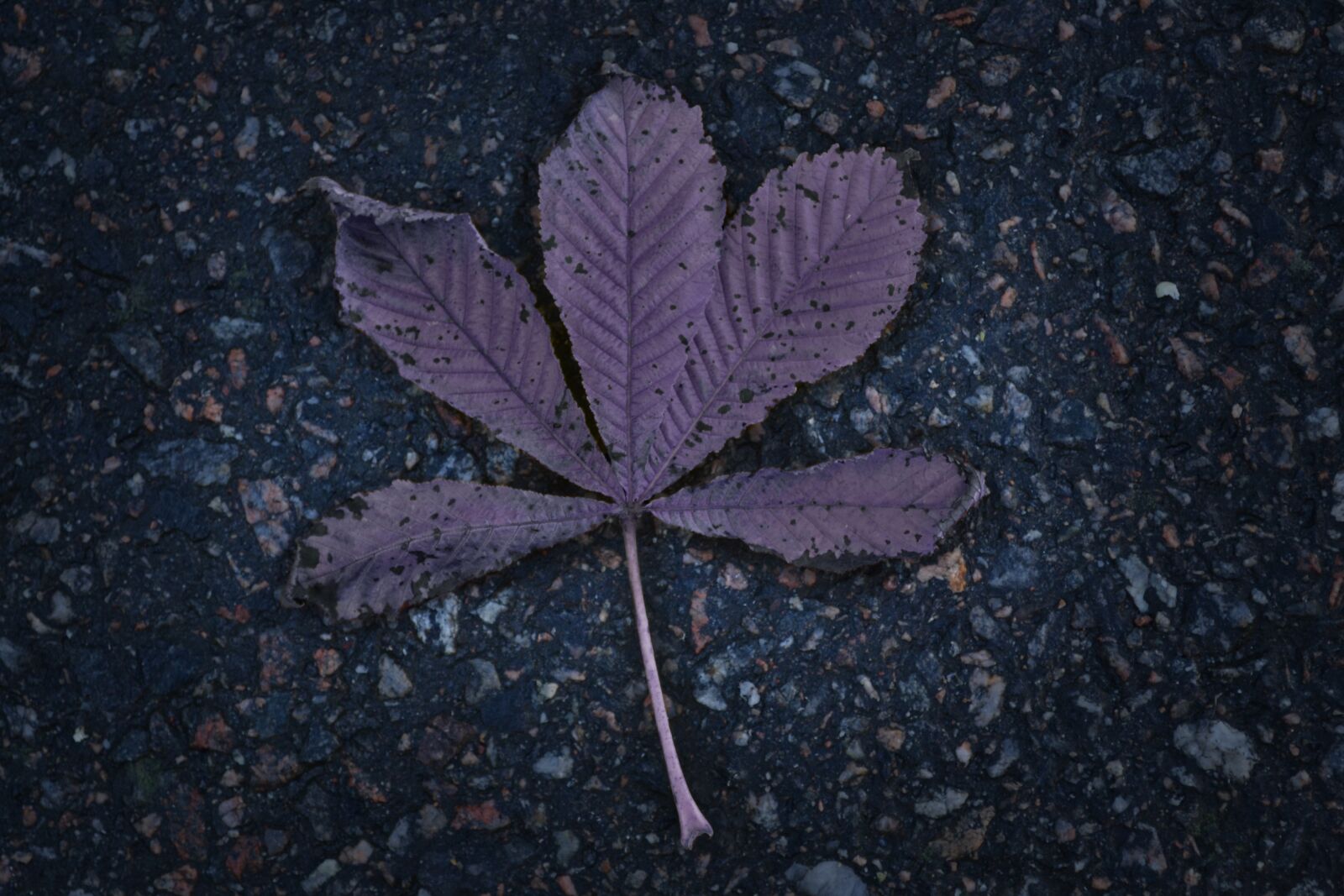 Nikon D3100 sample photo. Autumn, leave, picture photography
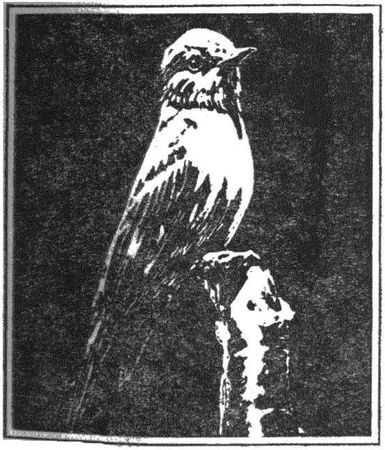 Леонид Семаго - Гнездо над крыльцом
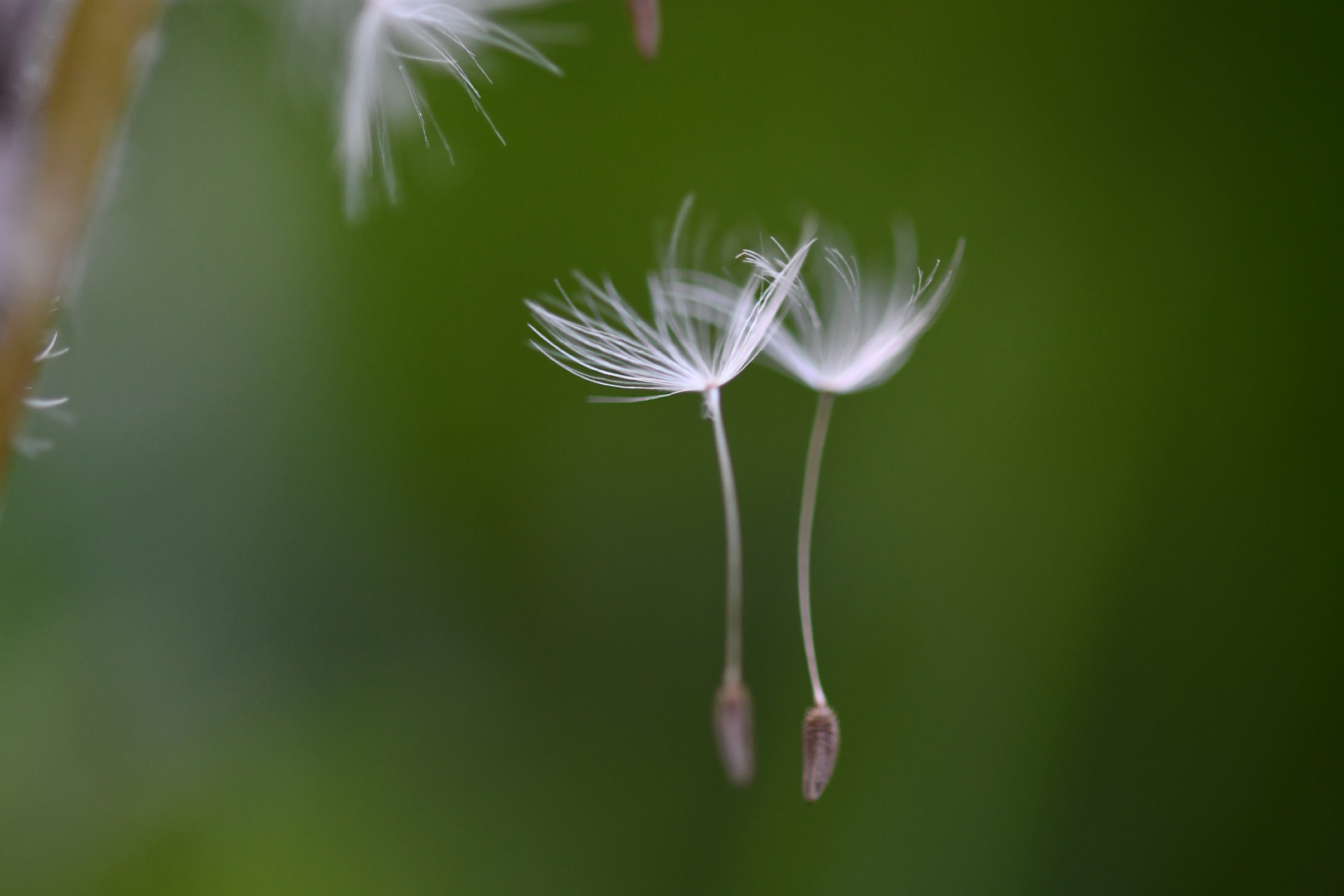 Tanzende Pusteblume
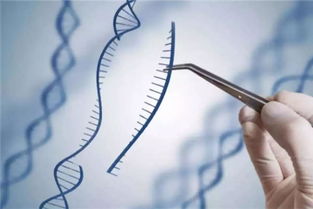 基因疗法什么意思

══════════════════════════════

> What is needed:
Output verbatim the lines beginning at the line with "Леонид Семаго - Гнездо над крыльцом" and ending at the last line of the material above, inclusive. Do not carry over any pictures.

> Reply to the exercise:
 Леонид Семаго - Гнездо над крыльцом
 Tanzende Pusteblume
 基因疗法什么意思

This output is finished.